|
|
 |
 |
 |
 |
UNICODE input for CGI using C
Dear All, I'm trying to accept a multi-lingual string (UNICODE) in a form and am trying to parse it. What i am getting is %XX (which is a single byte, not 2 bytes). So, is the data getting lost? What format is it, if it is not getting lost. Thanx in advance, Punit.

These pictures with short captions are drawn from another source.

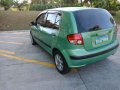 Rush for sale Hyundai Getz 2005 model-3
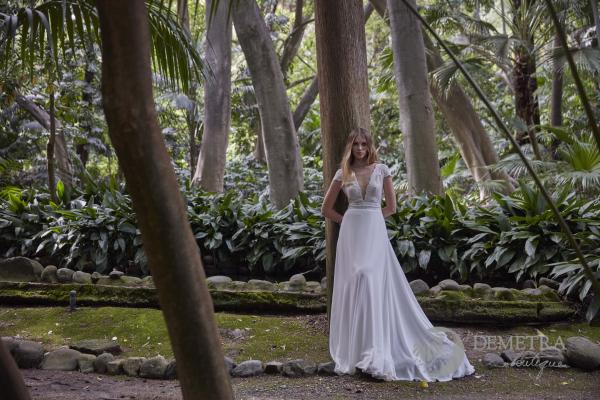 Rochie de mireasa Valerio Luna - Erika 
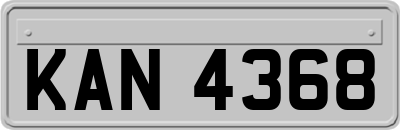 KAN4368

In article <1180444998.814728.246@a26g2000pre.googlegroups.com>, <puneet.p.s @gmail.com> wrote: > I'm trying to accept a multi-lingual string (UNICODE) in a >form and am trying to parse it. What i am getting is %XX (which is a >single byte, not 2 bytes). So, is the data getting lost? What format >is it, if it is not getting lost. You should be getting 2 or more successive %XXs. HTML form data send using GET is part of the URL Non-ASCII characters are represented in UTF-8, then each byte of the UTF-8 sequence is encoded in hex as %XX. See http://www.ietf.org/rfc/rfc3986.txt http://www.ietf.org/rfc/rfc2279.txt For POST data, I can't find up-to-date documentation. The very old http://www.w3.org/TR/html4/interact/forms.html describes the application/x-www-form-urlencoded mime type, but it does not mention non-ASCII characters. I think you'll find that it uses the same method as GET, but it's possible that it might use the encoding specified by the HTTP charset declaration rather than UTF-8. You'll need to ask about that somewhere other than comp.lang.c. -- Richard -- "Consideration shall be given to the need for as many as 32 characters in some alphabets" - X3.4, 1963. |
 |
 |
 |
 |
|